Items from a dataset
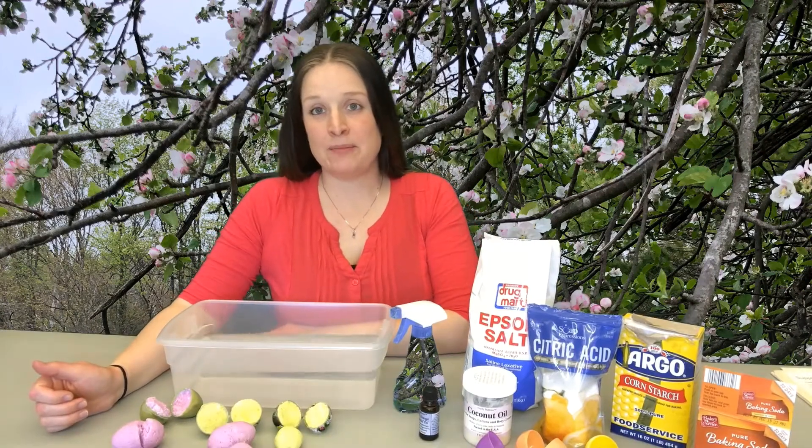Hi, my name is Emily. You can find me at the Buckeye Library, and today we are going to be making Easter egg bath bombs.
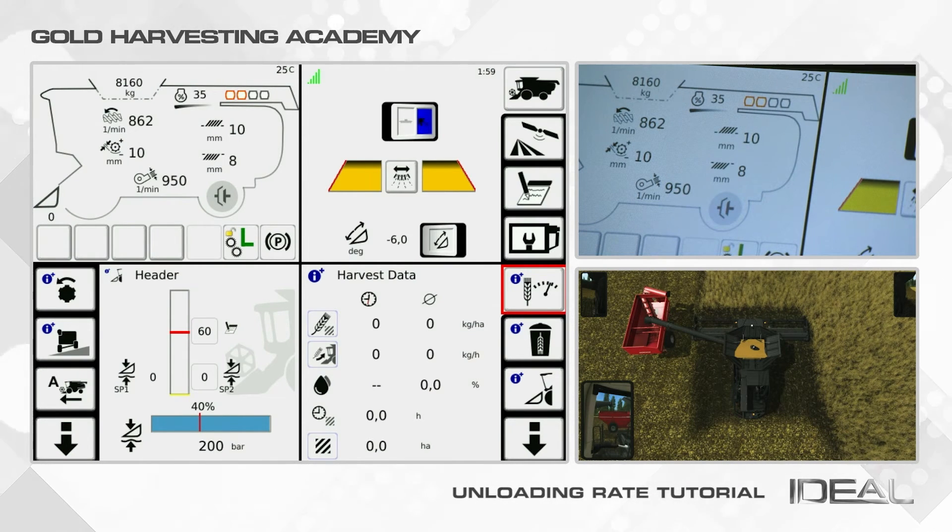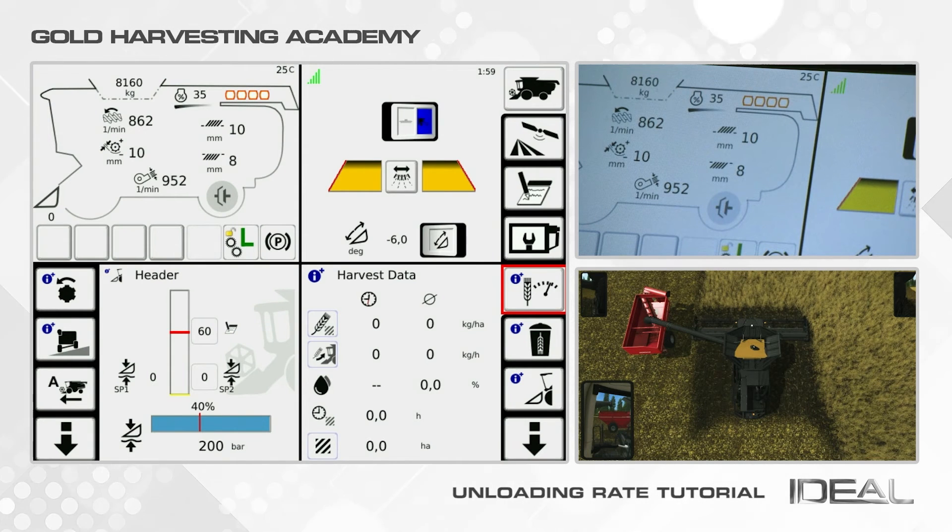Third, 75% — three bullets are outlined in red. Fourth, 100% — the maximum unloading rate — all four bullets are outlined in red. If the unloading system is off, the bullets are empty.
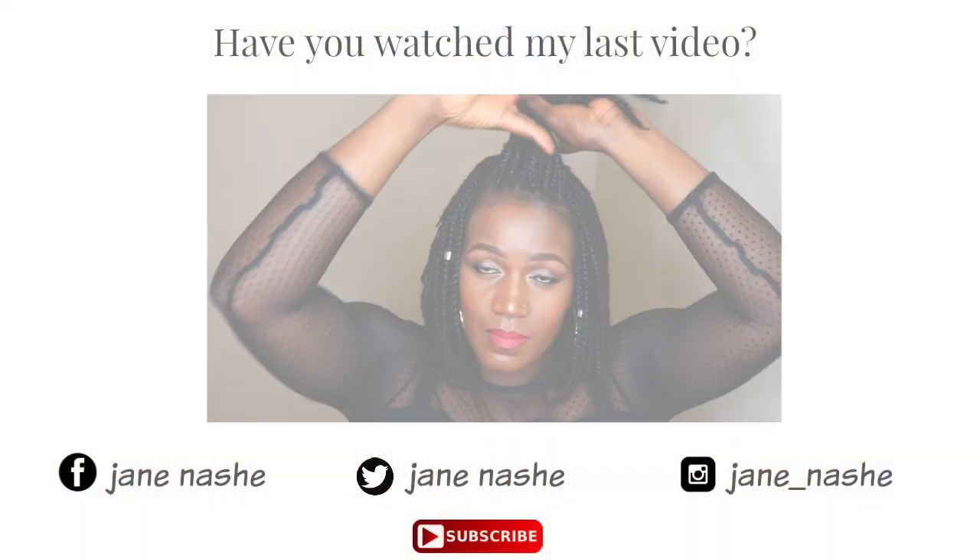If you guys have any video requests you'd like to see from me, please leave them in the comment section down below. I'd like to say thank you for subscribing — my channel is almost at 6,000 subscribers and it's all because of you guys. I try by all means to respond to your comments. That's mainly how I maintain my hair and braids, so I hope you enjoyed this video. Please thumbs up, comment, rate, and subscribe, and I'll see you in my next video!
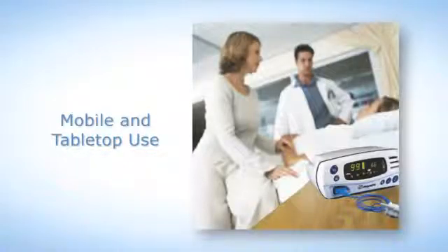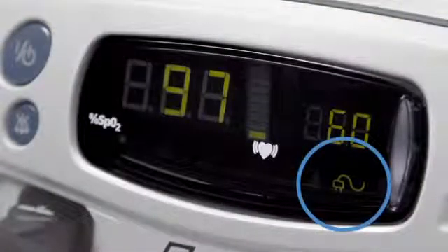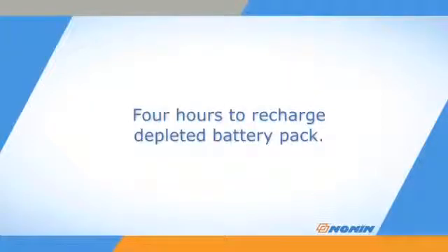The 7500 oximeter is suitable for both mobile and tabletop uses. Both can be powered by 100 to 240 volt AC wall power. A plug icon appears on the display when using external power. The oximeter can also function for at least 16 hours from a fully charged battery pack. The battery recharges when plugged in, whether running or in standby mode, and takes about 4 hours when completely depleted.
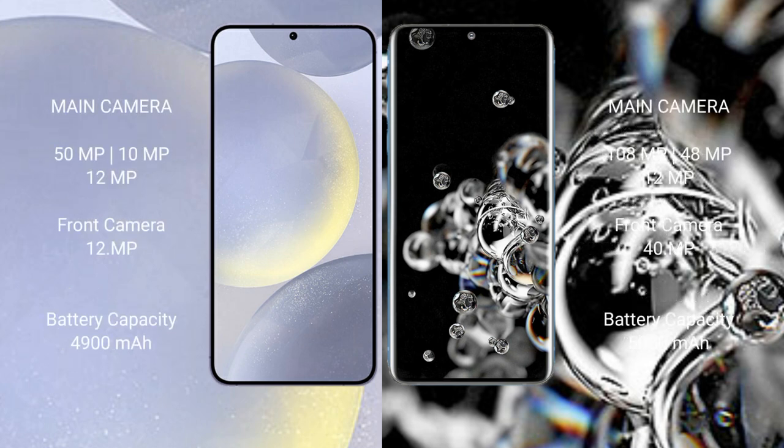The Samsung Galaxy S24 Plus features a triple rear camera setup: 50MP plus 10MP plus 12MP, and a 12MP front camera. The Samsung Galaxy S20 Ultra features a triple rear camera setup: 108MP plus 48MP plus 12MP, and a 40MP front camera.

**What you should do:** Could you repeat every entry above exactly, with each picture omitted?

**Task result:**
Hi, my name is Emily. You can find me at the Buckeye Library, and today we are going to be making Easter egg bath bombs.
Third, 75% — three bullets are outlined in red. Fourth, 100% — the maximum unloading rate — all four bullets are outlined in red. If the unloading system is off, the bullets are empty.
If you guys have any video requests you'd like to see from me, please leave them in the comment section down below. I'd like to say thank you for subscribing — my channel is almost at 6,000 subscribers and it's all because of you guys. I try by all means to respond to your comments. That's mainly how I maintain my hair and braids, so I hope you enjoyed this video. Please thumbs up, comment, rate, and subscribe, and I'll see you in my next video!
The 7500 oximeter is suitable for both mobile and tabletop uses. Both can be powered by 100 to 240 volt AC wall power. A plug icon appears on the display when using external power. The oximeter can also function for at least 16 hours from a fully charged battery pack. The battery recharges when plugged in, whether running or in standby mode, and takes about 4 hours when completely depleted.
The Samsung Galaxy S24 Plus features a triple rear camera setup: 50MP plus 10MP plus 12MP, and a 12MP front camera. The Samsung Galaxy S20 Ultra features a triple rear camera setup: 108MP plus 48MP plus 12MP, and a 40MP front camera.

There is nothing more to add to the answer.